Ben onun sorusunu cevaplarken bal gibi biliyordum ki kadınların cerrah olmaları mümkün değildi. Yasal bir engel olduğundan değil, Kaya Çilingiroğlu’nun bizzat kendisi engeldi. Benim kliniğime kadın giremez, demişti. Onun lafı kanunnameydi. Çapa’da kadın cerrah olmazdı. Oysa diğer üniversitelerde tek tük de olsa kadın cerrahlar vardı. Çapa o zamanlar bir kaleydi, öyle kolay düşmedi o kale.

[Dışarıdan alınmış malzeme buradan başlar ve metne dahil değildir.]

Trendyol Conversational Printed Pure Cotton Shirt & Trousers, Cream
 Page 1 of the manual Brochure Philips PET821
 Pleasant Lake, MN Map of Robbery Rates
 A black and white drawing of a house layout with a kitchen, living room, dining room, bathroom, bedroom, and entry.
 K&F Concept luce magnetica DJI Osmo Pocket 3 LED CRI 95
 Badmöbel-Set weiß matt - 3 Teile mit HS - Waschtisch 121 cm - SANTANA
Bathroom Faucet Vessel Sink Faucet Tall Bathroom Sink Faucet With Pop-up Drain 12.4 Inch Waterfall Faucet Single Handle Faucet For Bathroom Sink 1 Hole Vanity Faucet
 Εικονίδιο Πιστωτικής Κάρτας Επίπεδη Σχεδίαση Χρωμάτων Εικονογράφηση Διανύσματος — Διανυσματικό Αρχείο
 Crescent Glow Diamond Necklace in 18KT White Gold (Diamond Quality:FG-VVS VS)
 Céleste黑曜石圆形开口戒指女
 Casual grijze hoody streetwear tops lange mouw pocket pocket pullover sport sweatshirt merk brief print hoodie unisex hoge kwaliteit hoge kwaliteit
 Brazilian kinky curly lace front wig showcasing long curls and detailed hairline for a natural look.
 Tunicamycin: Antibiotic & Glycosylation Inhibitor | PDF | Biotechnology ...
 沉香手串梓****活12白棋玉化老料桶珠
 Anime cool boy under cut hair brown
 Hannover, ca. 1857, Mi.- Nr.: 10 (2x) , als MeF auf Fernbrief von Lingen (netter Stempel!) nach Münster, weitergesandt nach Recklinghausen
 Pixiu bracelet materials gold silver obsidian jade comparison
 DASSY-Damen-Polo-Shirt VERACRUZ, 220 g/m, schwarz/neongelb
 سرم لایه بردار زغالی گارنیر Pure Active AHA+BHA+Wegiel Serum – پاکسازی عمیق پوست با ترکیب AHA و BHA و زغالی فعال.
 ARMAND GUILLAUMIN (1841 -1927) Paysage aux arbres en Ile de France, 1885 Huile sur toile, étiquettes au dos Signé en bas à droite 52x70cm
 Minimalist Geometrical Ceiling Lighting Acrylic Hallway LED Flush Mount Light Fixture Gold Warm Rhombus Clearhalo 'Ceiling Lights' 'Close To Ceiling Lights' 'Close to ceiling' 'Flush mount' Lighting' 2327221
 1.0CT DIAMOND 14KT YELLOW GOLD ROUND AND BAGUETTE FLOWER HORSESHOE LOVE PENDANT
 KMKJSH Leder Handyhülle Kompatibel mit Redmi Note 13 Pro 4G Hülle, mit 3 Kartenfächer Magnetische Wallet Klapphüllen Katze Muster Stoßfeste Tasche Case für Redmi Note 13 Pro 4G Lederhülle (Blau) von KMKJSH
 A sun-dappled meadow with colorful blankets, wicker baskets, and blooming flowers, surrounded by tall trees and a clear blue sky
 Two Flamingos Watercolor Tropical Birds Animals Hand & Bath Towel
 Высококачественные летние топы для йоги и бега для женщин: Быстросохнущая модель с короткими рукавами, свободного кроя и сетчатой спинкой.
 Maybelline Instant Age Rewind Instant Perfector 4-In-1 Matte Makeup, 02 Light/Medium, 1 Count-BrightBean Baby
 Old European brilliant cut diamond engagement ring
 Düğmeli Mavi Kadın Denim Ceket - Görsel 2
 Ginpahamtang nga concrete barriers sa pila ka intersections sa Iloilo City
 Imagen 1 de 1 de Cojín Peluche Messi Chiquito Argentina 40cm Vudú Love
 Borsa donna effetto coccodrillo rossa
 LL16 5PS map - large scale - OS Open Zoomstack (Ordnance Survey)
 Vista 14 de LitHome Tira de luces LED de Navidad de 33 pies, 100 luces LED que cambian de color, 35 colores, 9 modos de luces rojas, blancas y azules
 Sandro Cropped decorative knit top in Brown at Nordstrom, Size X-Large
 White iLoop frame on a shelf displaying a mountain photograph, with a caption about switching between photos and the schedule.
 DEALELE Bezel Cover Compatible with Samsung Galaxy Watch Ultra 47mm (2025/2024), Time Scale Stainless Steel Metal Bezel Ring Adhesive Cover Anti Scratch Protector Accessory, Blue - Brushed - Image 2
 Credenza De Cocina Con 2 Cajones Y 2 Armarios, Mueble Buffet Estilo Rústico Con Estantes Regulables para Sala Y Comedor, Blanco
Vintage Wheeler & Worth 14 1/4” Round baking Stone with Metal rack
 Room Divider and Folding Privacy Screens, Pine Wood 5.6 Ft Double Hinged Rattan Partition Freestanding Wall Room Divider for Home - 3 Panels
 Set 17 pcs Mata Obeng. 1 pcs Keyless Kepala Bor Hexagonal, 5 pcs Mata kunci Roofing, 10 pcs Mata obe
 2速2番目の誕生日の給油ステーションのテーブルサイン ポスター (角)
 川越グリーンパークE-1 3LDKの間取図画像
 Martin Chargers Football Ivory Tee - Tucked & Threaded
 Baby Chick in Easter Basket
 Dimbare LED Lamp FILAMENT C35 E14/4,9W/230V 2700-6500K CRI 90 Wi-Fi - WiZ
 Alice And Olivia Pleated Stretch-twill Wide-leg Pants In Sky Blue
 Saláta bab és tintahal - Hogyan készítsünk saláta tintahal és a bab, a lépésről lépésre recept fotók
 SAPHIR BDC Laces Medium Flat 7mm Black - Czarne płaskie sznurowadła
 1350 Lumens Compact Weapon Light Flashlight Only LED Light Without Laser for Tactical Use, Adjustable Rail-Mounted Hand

Cihat Abaoğlu ise efsanevi dâhiliye hocamızdı. İstanbul Üniversitesi, ülkenin en eski, en köklü üniversitesidir. Ben o zamanlar köklü demenin aslında tutucu demek olduğunu pek kavrayamamıştım. Abaoğlu kitap sahibi bir profesördü. Bu çok önemli bir ayrıntıydı. Çünkü yasal olarak zorunlu gibi olsa da hocalarımızın çoğunun basılmış bir kitabı yoktu. Ders anlatırlarken öğrenciler not tutarlar, bunları sonra temize çekerler, teksir makinesi ile çoğaltırlardı. Bu notlar bazen küçük paralar karşılığında, bazen de bu işi üstelenen öğrenci örgütleri aracılığıyla ücretsiz olarak, yeni öğrencilere verilirdi. Çoğumuz “mistır ve misis simit ” düzeyinde İngilizce bildiğimiz için, çoğunluğu İngilizce olan kitapları orijinallerinden okuyanımız azdı. Sadece kolej mezunu olanlarımız okuyabilirdi ama onların çoğu da koca koca ciltleri okumak yerine ders notu şeklindeki bu özetleri yeğlerlerdi. Bu durumdaki bir fakültede Türkçe kitap yazmış olan hocanın forsu başkaydı. Onun forsu sadece kitaplı profesör oluşundan değildi elbette. Onun hakkında da çok efsane vardı. Bir meyhanede adına daimi olarak ayrılmış bir masa olduğunu, yanında çalışanların(yani onun tarafından sevilenlerin) ne zaman isterlerse o masada yiyip içip hesap ödemeden kalktıklarını anlatırlardı. Aydan aya hesabı hocaların hocası Cihat hoca ödermiş. Dahiliyede uzman olmak isteyen kızlara, bir ev anahtarı uzatıp, çiçekler solmuştur, uğrayıp bir sulayıver dediğini, bunu kabul edenlerin kim bilir başka neleri kabul ettiklerini, kabul etmeyenleri onun da kliniğe asistan olarak kabul etmediğini, anlatırlardı. Efsane üstüne efsane işte. Ben elbette anlatanların yalancısıyım. Cerrah olmaya niyetlenmediğim gibi, dahiliyeci olmaya da niyetlenmediğimden, böyle bir isteğin tanığı da değilim. Zaten ben uzman olmaya niyetlendiğimde, sistem değişmişti. Artık kliniğe alınacak asistanları hocalar seçmiyordu, yazılı bir merkezi sınav konmuştu. Ancak ben öğrenciyken, Abaoğlu hala tam bir otorite figürüydü. Tam bir babaydı.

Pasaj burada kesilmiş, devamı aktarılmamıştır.